• Task data:

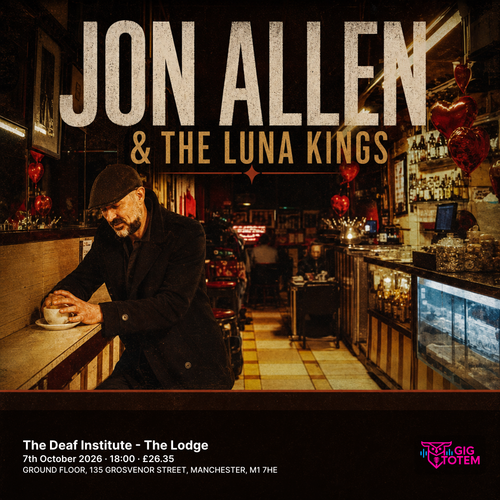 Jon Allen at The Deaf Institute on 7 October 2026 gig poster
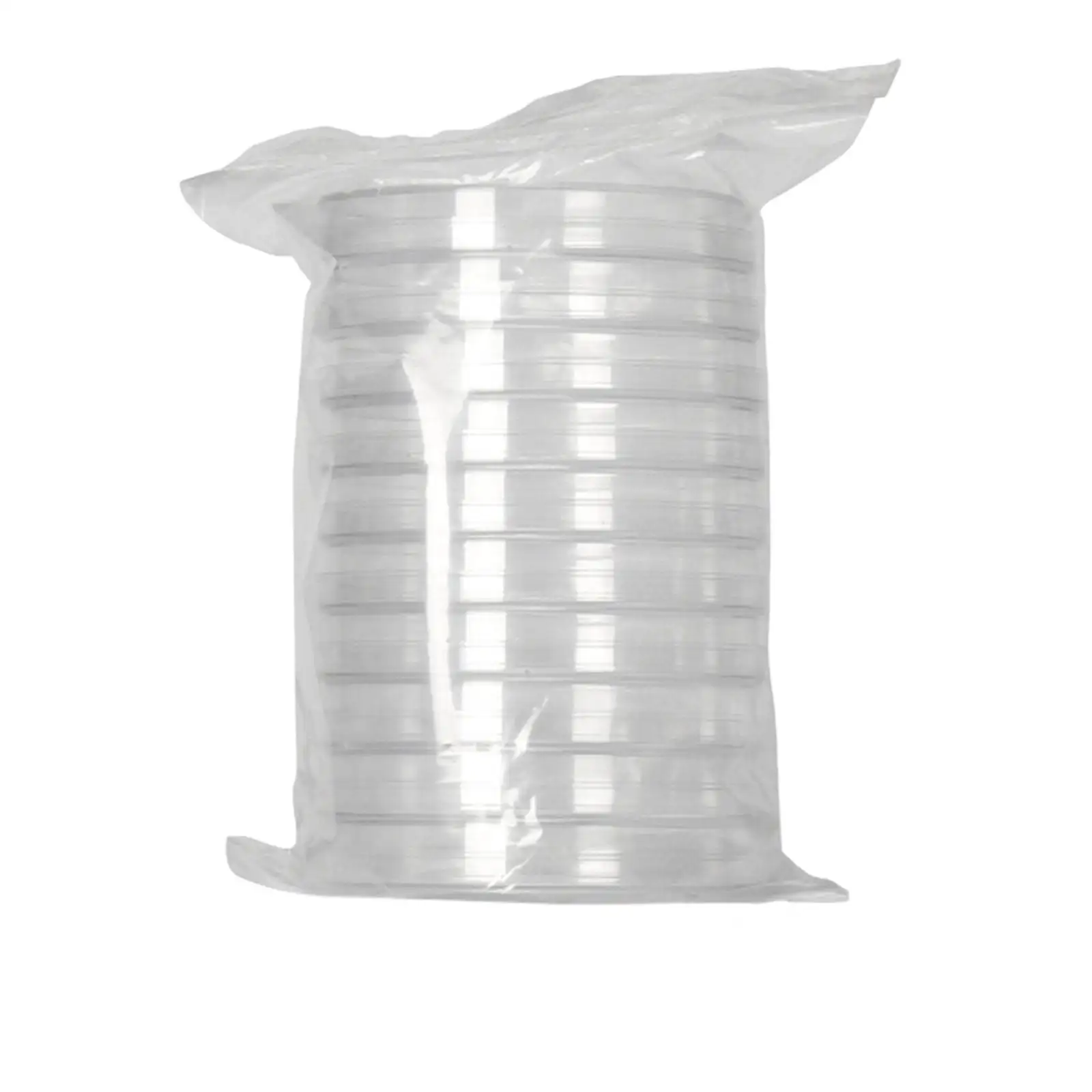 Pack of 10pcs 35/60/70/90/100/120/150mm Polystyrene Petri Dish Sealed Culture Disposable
---
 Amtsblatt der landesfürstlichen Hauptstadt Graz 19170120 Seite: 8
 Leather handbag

• Problem to solve: Both end lines included, restate word for word the lines above from the line with "Amtsblatt der landesfürstlichen" to the line with "Leather handbag", and nothing else.

• Solution to the exercise:
 Amtsblatt der landesfürstlichen Hauptstadt Graz 19170120 Seite: 8
 Leather handbag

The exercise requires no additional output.